Marie Loana et Jean-Kévin, vos nouveaux modèles
Auto prise électrique de tête
- MaLo chouchou…
- Mh ?
(Quand votre mari vous appelle par votre diminutif, la méfiance est de mise. Quand il y ajoute un petit nom d’amoureux, si vous n’avez pas de moyen de fuite à votre disposition, feignez l’indifférence)
- Nous sommes quoi, tu crois ?
- Comment ça, quoi ?
(Là, vous venez d’entendre une question tellement ouverte qu’elle ne présage rien de bon. Répondez par une autre question. N’oubliez pas de garder un ton indifférent)
- Bin oui, sommes-nous modernes ? A la page ? Vivons-nous avec notre temps ?
- …
(Cette question sent la future acquisition à plein nez. Ne répondez pas.)
- MaLo ?
- Mh ?
(Le malin singe a compris que le stratagème amoureux était trop flagrant. Il la refait, comme on dit dans le cinéma. Ici, la meilleure parade est de couper court et de parler du dernier bulletin du petit dernier. Mais je suis une femme curieuse et mon Jean-Kévin me connaît bien. Il vous faudra donc vous priver de mes conseils pour la suite et soyez sûrs que je le regrette !)
- Nous sommes des gens modernes.
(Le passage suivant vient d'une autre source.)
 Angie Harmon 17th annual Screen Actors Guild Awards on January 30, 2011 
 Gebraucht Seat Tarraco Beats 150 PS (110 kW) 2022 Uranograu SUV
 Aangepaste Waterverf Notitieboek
Nous vivons avec notre temps. Nous sommes conscients des enjeux de notre société et nous tentons de faire notre petit possible au quotidien.
- …
- Non ?
- Si, si…
- Et il se passe quoi, précisément en ce moment ?
- La fonte des neiges ?
- Non, non, à Bruxelles !
- Je ne sais pas moi, chouchou. Tu sais, pour le bulletin du pet…
- Le salon de l’auto !
- Hein ?
- C’est le salon de l’auto !
- How ! Mais comment veux-tu que je pense à ça ? Nous n’avons pas besoin d’une voit…
- Eh bien si ! Justement, nous avons besoin d’une voiture ! La mienne est vieille, on ne trouve plus nulle part de la super avec plomb et tu sais quoi ?
- …
- Tu sais quoi ?
- Non, je ne sais pas quoi ? Quoi ?
- Bientôt, il n’y aura plus d’essence tout court.
- Oh…
- Ca sera bien, dans un sens.
- Oh…
- Oui, on ne pourra plus polluer avec les voitures.
- Oui mais…
- Mais nous, nous allons refuser de collaborer davantage à cette pollution. Nous allons arrêter de brûler nos maigres ressources !
- …
- …
- JeanKé chouchou, tu as été licencié ? Tu essayes de me dire que tu n’auras plus besoin de voiture parce que tu es renvoyé ?
- Non ! J’essaye de t’annoncer une bonne nouvelle ! Nous allons acheter un véhicule électrique !
- Ouf, je suis soulagée !
Et voilà, les amis. Voilà comment un homme parvient à obtenir ce qu’il veut.
Depuis vendredi:
- J’ai demandé à Jean-Kévin de me brancher la console et j’ai repris le sport (je vous en parlerai). De surcroit, je me suis remise à la marche à pieds, parce que plus jamais, non, plus jamais je ne serai humiliée comme je l’ai été le jour où, après avoir étrenné notre nouvelle voiture, nous avons dû faire appel aux pompiers pour m’en extraire.
- Nos enfants marchent également pour gagner leur école. Ils nous lancent un regard haineux chaque matin en partant et j’ai pu découvrir avec effroi la signification du mot « gênage ».
- Mon Jean-Kévin a été traité 3 fois d’alcoolique, 4 fois de looser, gratifié 1 fois de « pauvre type, retourne dans ton kinder » et 1 fois de « vous allez au stade ? C’est vous le ballon ? ».
- Nos voisins nous jettent des regards désolés. L’un deux a demandé hier à mon mari : « tu en as pris pour combien » ?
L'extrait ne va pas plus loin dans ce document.